The city of Rize formed part of historic Georgian province of Chaneti (Georgian: ჭანეთი). From 1547 Chaneti province was incorporated by the Ottoman Empire and became a part of the sancak of Lazistan. The city was claimed by the short-lived Democratic Republic of Georgia between 1918 and 1920. On the basis of the 1921 Treaty of Kars, Soviet Russia granted Rize to Turkey just as the other territories of Artvin, Ardahan, and Hopa (Georgian: ხუფათი).
Geography
The city is built around a small bay on the Black Sea coast, on a narrow strip of flat land between the sea and the mountains behind. The coastal strip is being expanded with landfill and the city is growing up the steep hillsides away from the coast. Rize enjoys a mild, extremely wet climate, vulnerable to storms coming off the Black Sea and therefore the surrounding countryside is rich with vegetation and is attracting more and more visitors every year.

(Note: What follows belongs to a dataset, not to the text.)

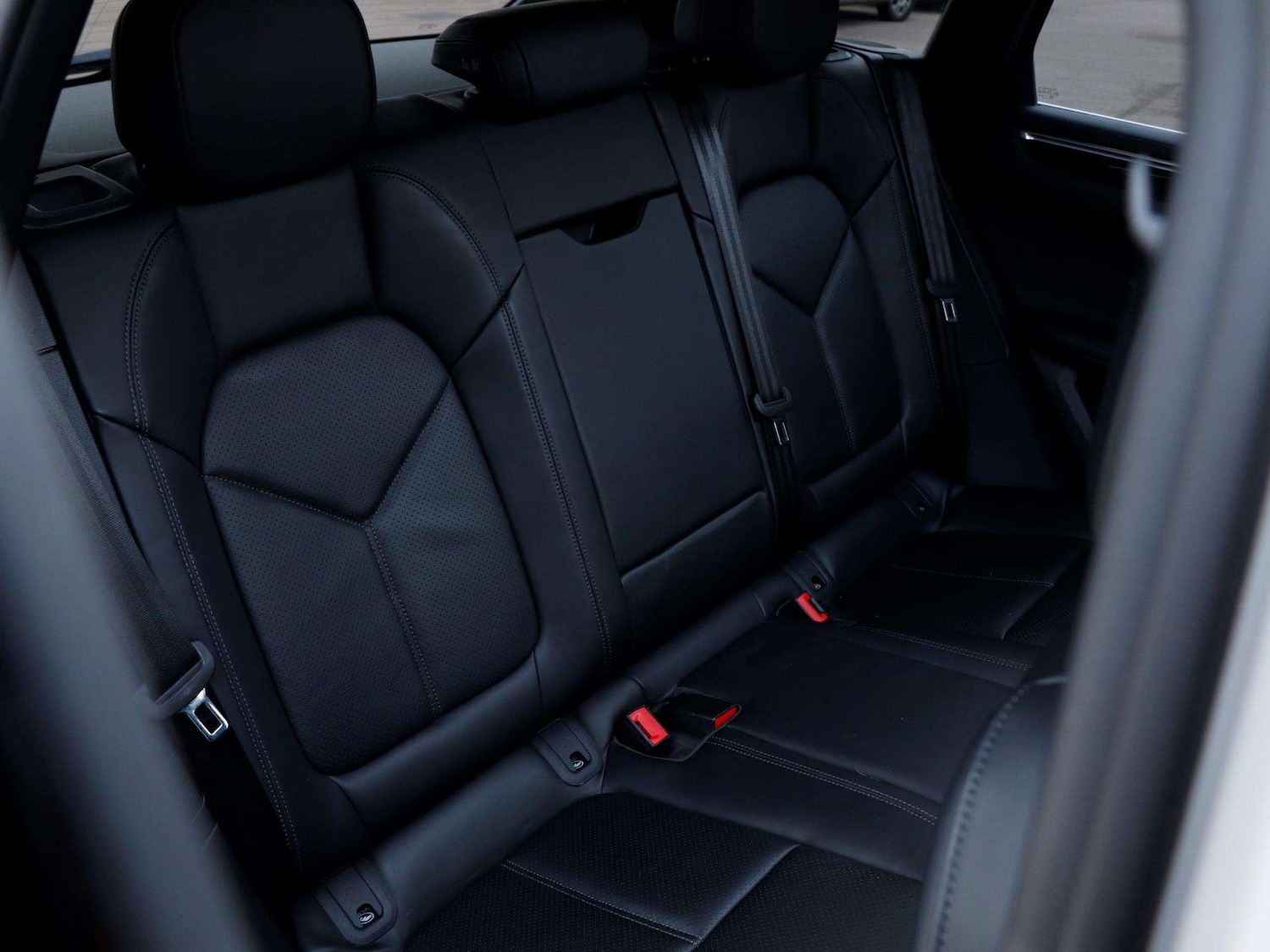 Used Porsche Macan 2023 for sale - 77000139: Photo 26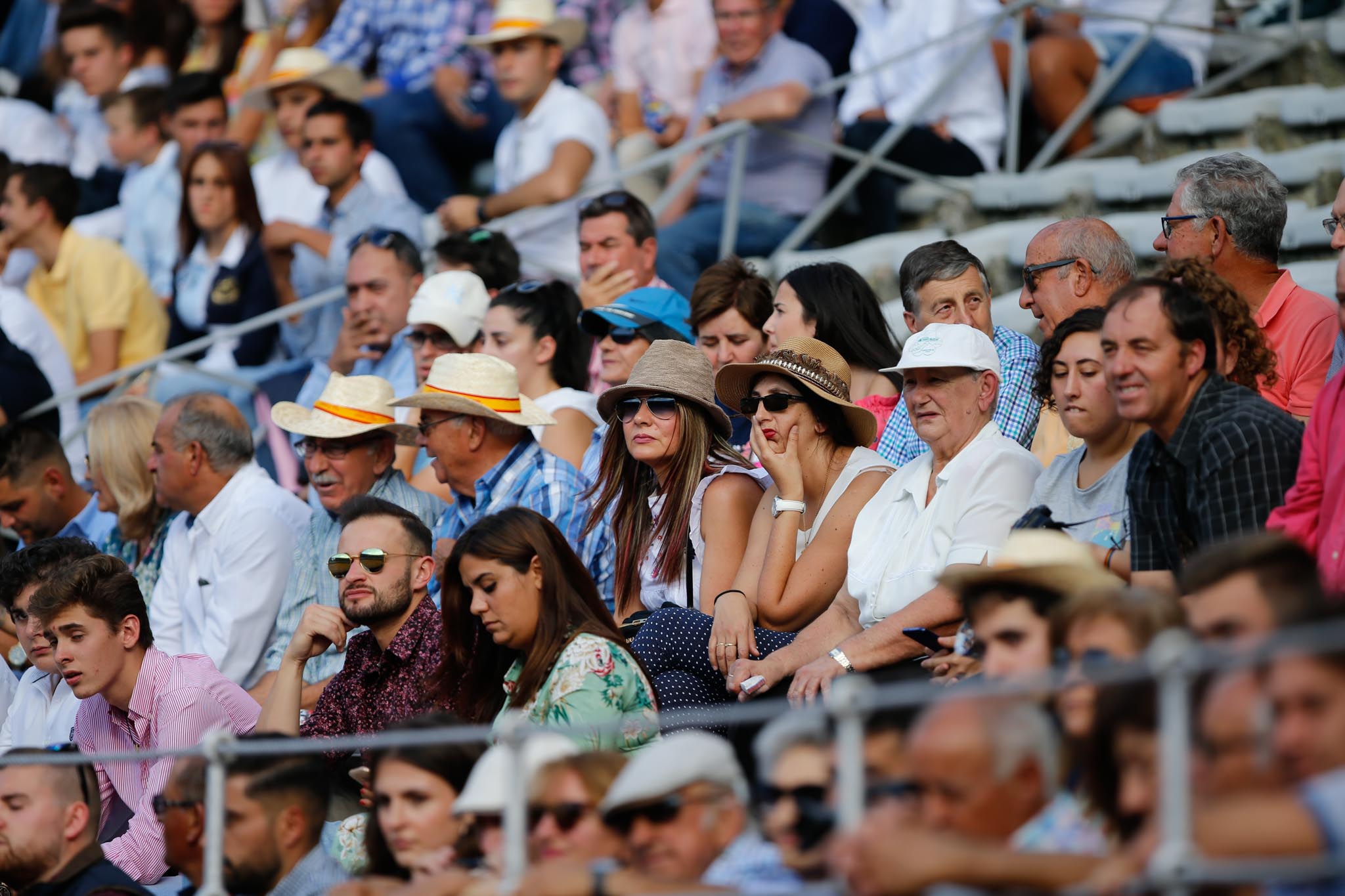 Fotos: Corrida de toros con los salmantinos López Chaves, Damián Castaño y Alejandro Marcos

Rize is a center for processing and shipping Rize Tea, the tea grown in the surrounding area. Tea was introduced in the region in the 1940s and 1950s, changing the destiny of the region, which was desperately poor until then.[9] The city has a tea research institute founded in 1958 and tea gardens are the main sight in the town’s panoramic view. Tea and kiwifruit plants are even planted in gardens around the town. The secondary activity is fishing. Rize is linked by road with Trabzon (41 miles [66 km] west), Hopa (55 miles [88 km] east on the Georgian border, and Erzurum (north). The nearest airport is in Trabzon.
Rize is a quiet town, a typical Turkish provincial capital with little in the way of night life or entertainment. However the border with Georgia has been open since the early 1990s, the Black Sea coast road has been widened and Rize is now wealthier than in previous decades; there are more cars in the streets, higher buildings on the sea front, and some places for young people to go are opening up now. The visitors to the surrounding countryside also contribute to the economy of the town.
Climate
Rize has a humid subtropical climate (Köppen climate classification: Cfa). Snowfall can be heavy once it snows. The climate turns continental (Dfb) on the hillsides and subarctic (Dfc) on mountain slopes and yaylas, a term used in Turkish for highlands and highland plateaus.
Rize and the eastern part of the Black Sea coast where it is situated has the highest precipitation in western Asia, with an annual precipitation averaging around 2,500 millimetres (100 in), with heavy rainfall year-round and a maximum in late autumn (October to December). The Black Sea coast receives the greatest amount of precipitation in Turkey and is the only region of Turkey that receives high precipitation throughout the year. The water temperature, as in the whole Turkish Black Sea coast, is always cool, fluctuating between 8 and 20 °C (46 and 68 °F) throughout the year.